Delehant, along with several other practitioners, noted that many clinicians have had full case loads. “I’ve had difficulty referring clients to other clinicians because so many professionals are maxed out,” he said, noting that he was spending as much as three to four hours a week with some clients to help them avoid hospitalization. 

Highlighting inequities

McGhee emphasized that the pandemic has hit some families particularly hard, including families of color, those earning less than $75,000 and those with only one caregiver. 

Susana Molina is a mental health therapist with Mi Refugio, a program based at Northwestern High School that supports the school’s immigrant and Latino populations. She said that most students in the program have few, if any, family members in the U.S. Molina observed that students were hit particularly hard in the early stages of the pandemic. “A lot of them were coming with that worry, and, in some instances, with the news that they had lost parents, grandparents, siblings, close relatives,” she said. “So we were dealing with the grief that came with anxiety, that came with depression, it came with PTSD, and, overall, just emotional instability.” 

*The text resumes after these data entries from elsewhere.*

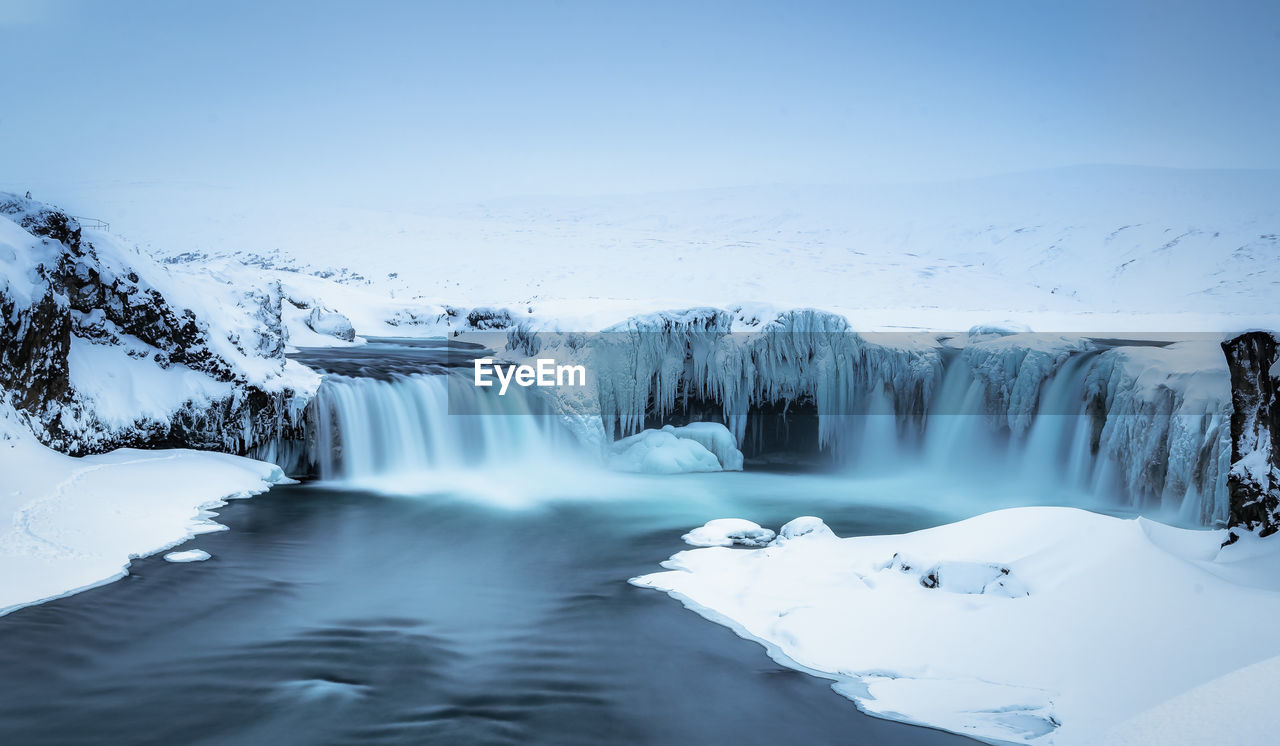 Scenic view of frozen river against sky during winter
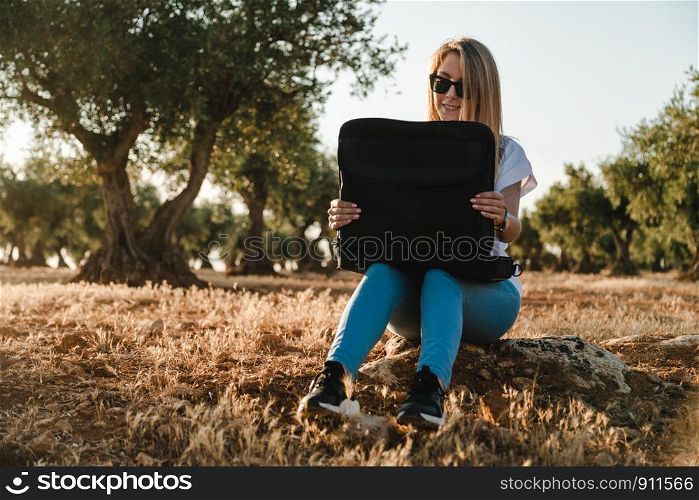 Young woman with a laptop case seated in the olive tree field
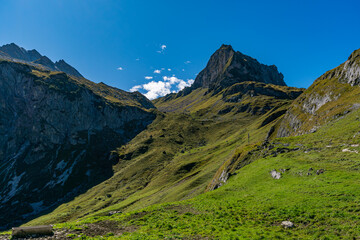 Fototapeta premium Majestic Mutterwangsjoch Summit Reveals Stunning Alpine Panorama in Austrias Great Walser Valley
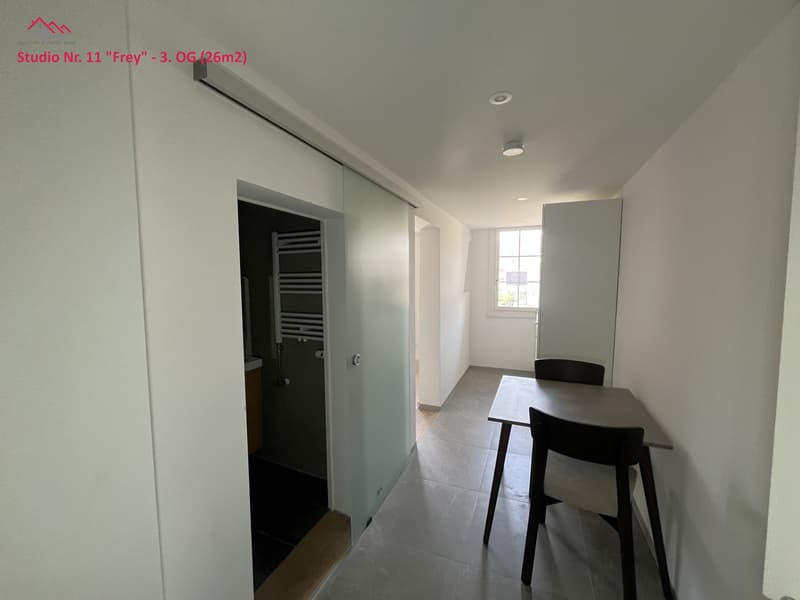 Empty room with modern decor, table, chairs, sliding glass door leading to bathroom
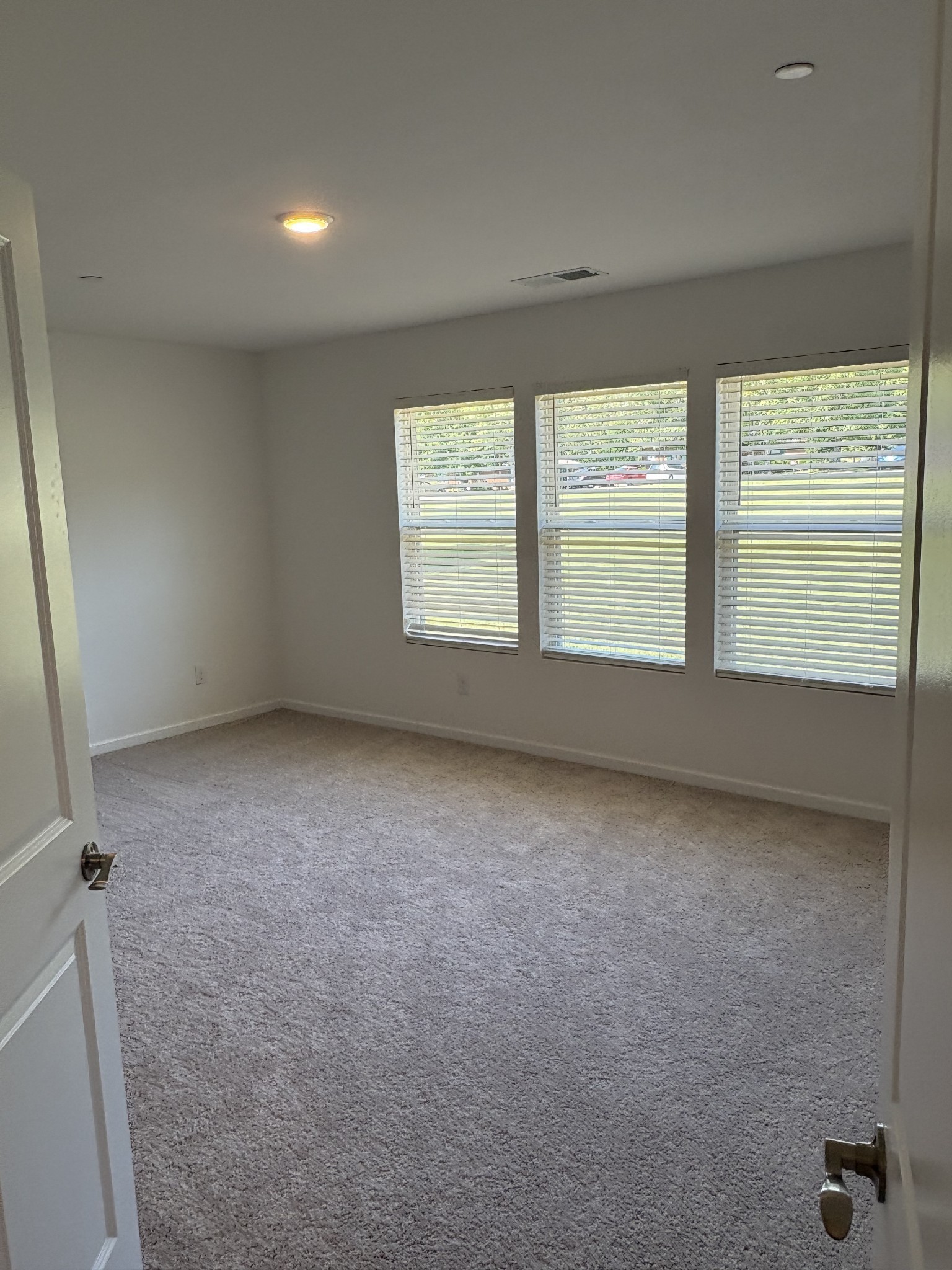 7144 Mapleside Lane, Unit 19 Fairview, TN 37062 - Photo 19 of 26 an empty room with a chair and a large window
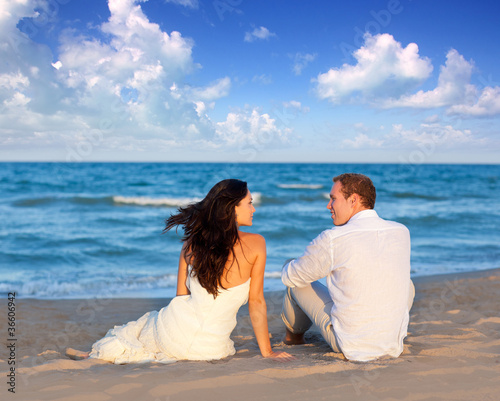 couple in love sitting in blue beach © lunamarina
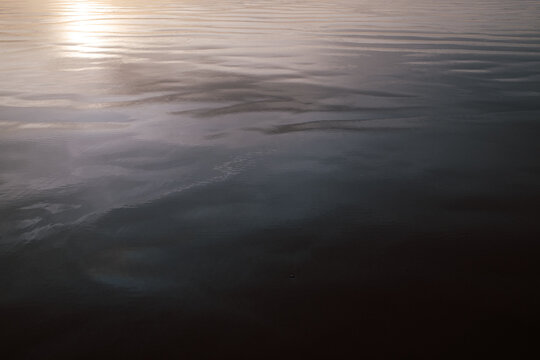 Wet sand reflections at sunset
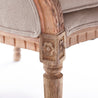 Close-up of the ornate details on a natural linen Louis XV Wing Chair
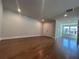 Large bonus room featuring hardwood floors, recessed lighting, and ample space at 400 Renwood Trl, Johns Creek, GA 30097
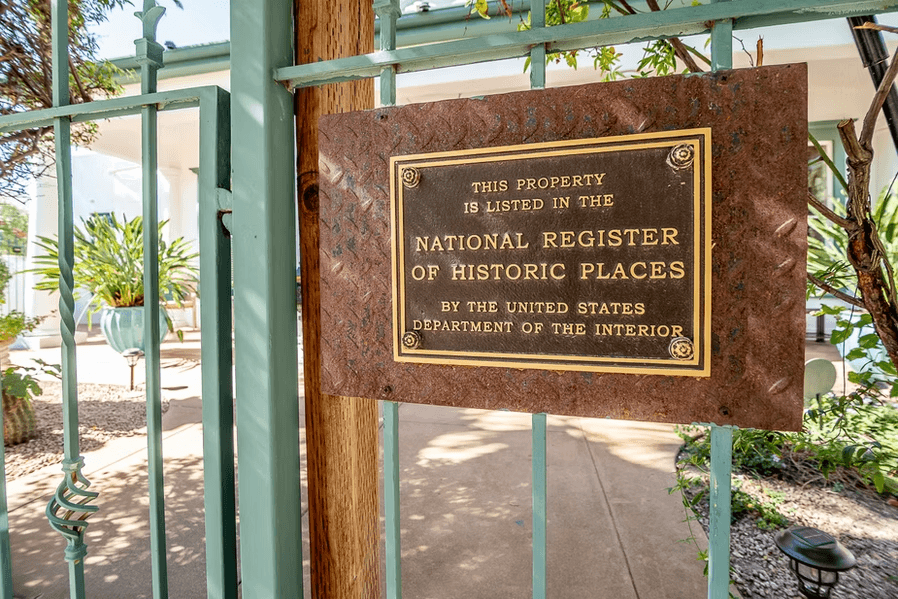 A bronze plaque indicating the property is listed on the National Register of Historic Places.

“The pandemic highlighted existing inequities and different access to space and need for in-person support,” Sanyal noted. “When going virtual, some [Chelsea School] students had to adapt quickly to new responsibilities, now in charge of getting themselves to virtual school and keeping on task, sometimes getting siblings logged in and on task as well.”

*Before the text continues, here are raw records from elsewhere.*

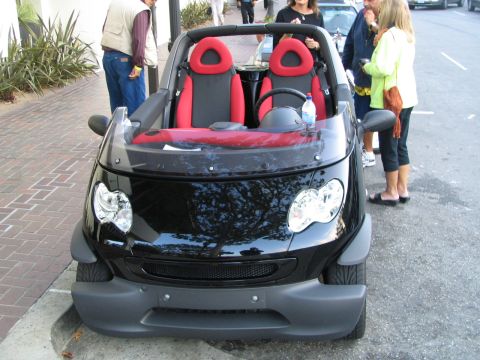 1986 Pontiac Fiero - A black Smart Fortwo Cabriolet with distinctive red seats is parked curbside, with several people observing it.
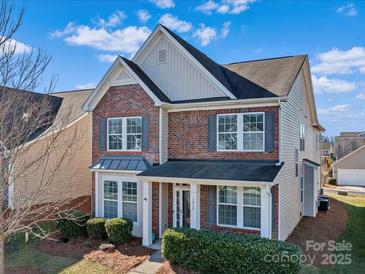 Brick two-story house with gray trim, landscaping, and a covered porch at 1010 Craven St, Indian Trail, NC 28079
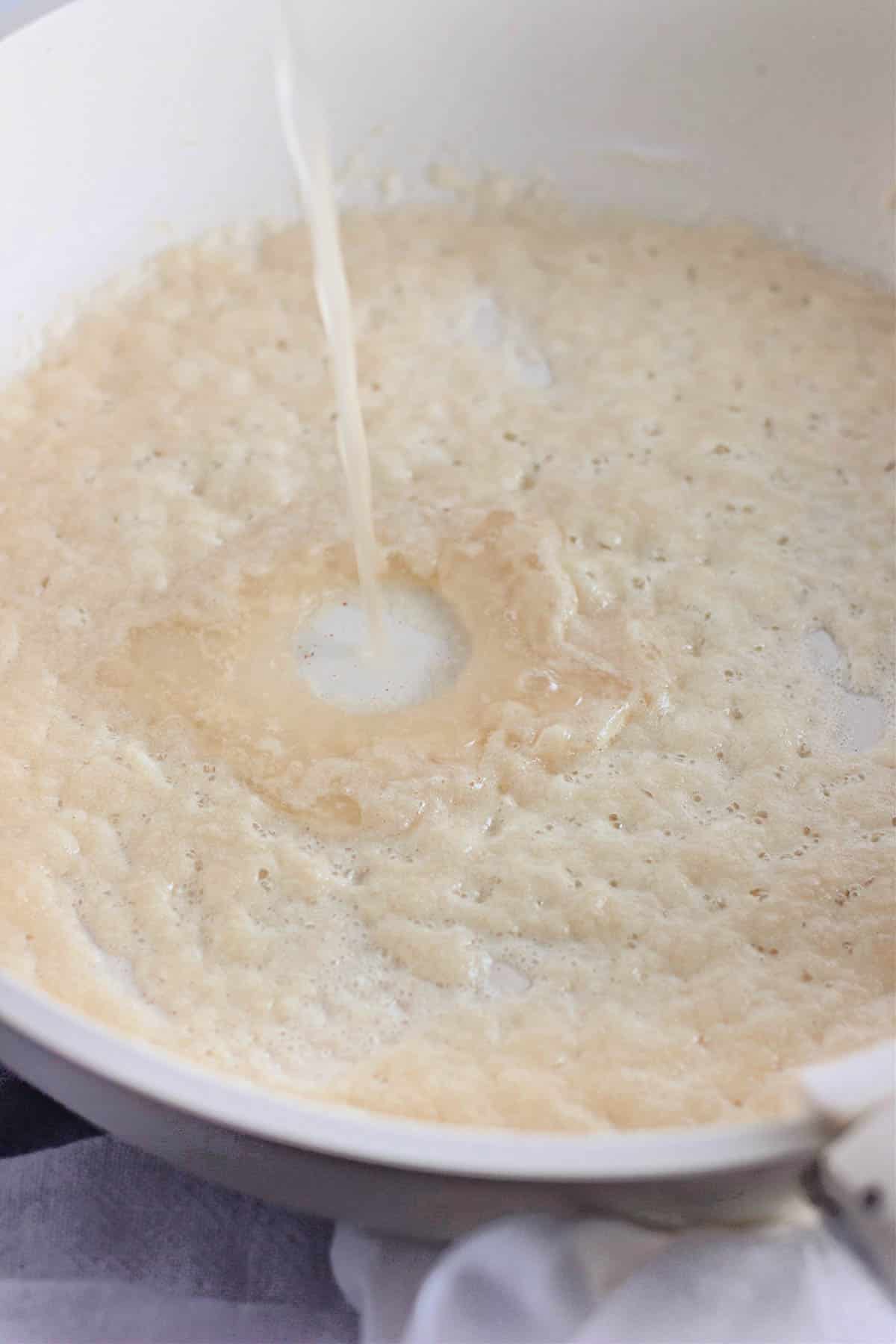 Liquid being poured into a white pan with bubbling beige sauce, creating a small splash in the center.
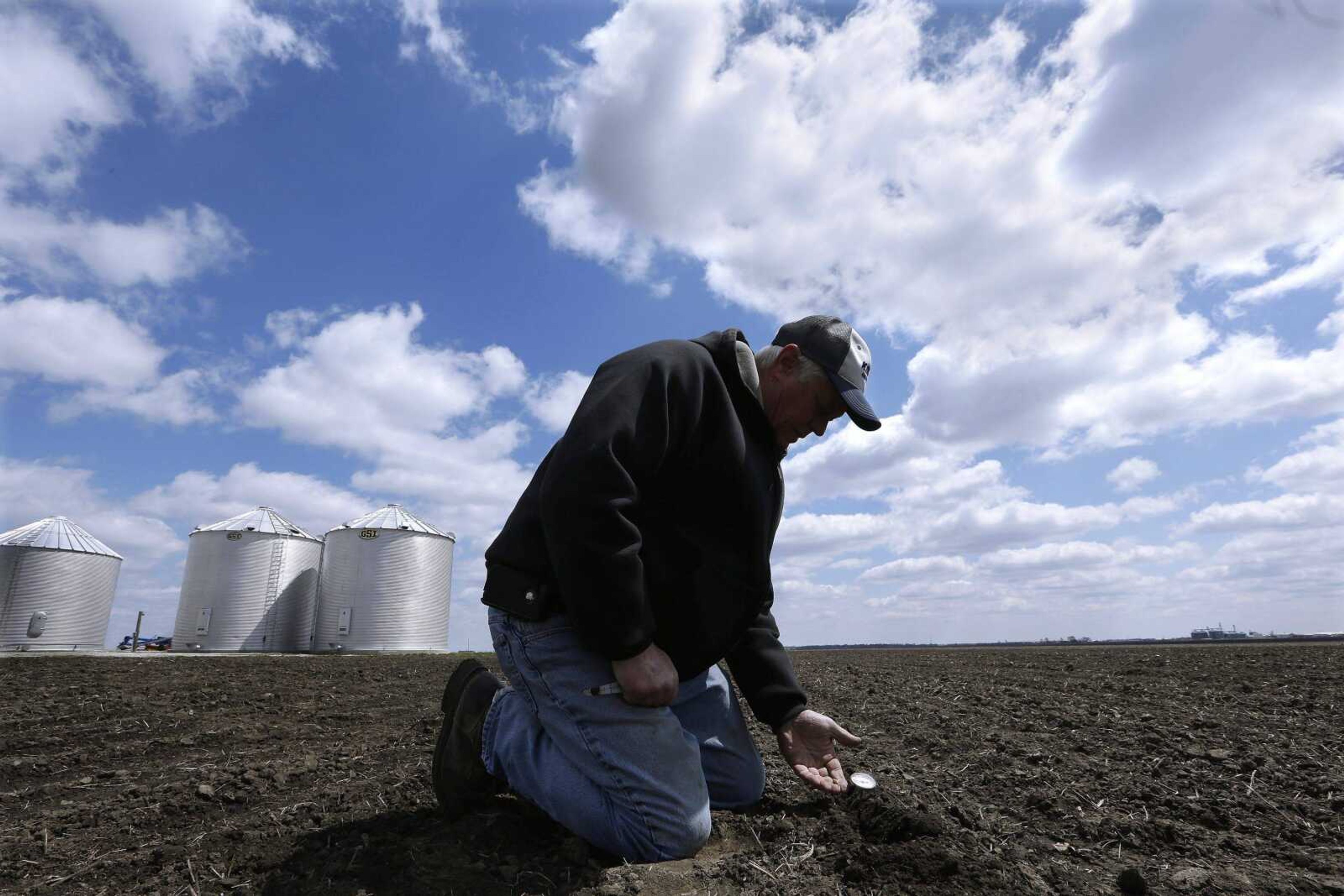 Central Illinois corn and soybean farmer Garry Niemeyer inspects soil temperature and the sprouting of corn seeds he planted earlier as a test April 15 in Auburn, Ill. Just 6 percent of this year&#8217;s corn crop has been planted. (Seth Perlman ~ Associated Press)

Developing resilience, coping skills, awareness

Most responding clinicians have observed their clients developing more coping skills and resilience. While some of Mi Refugio’s clients have experienced considerable family conflict during the pandemic, Molina noted, “We have had cases where the students have strengthened their relationships with their siblings, with their parents or their guardians.”

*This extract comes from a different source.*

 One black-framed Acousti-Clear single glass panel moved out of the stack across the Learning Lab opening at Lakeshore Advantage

Sanyal and Delehant also described teens developing closer family connections. Sanyal pointed to a host of other ways her students have coped. “My artists and writers of the bunch channel their feelings and experiences through their mediums,” she explained. “Some learned to meditate, some began running, others started their own at-home cosmetics and nail salon businesses.”

Sanyal and Molina both noted that students have become more willing to seek help. “Some just started talking!” Sanyal said. She added that students have been developing “the coping skill of knowing when to reach out to the counselor … learning to use their voices and express themselves.” 

McGhee recommends that parents of adolescents prioritize their children’s mental health over academics for now. Encourage them to reconnect with friends or to replace relationships that have been severed during the pandemic, she said. She also recommended that parents think creatively about plans for the summer in ways that can bolster mental health and increase socialization.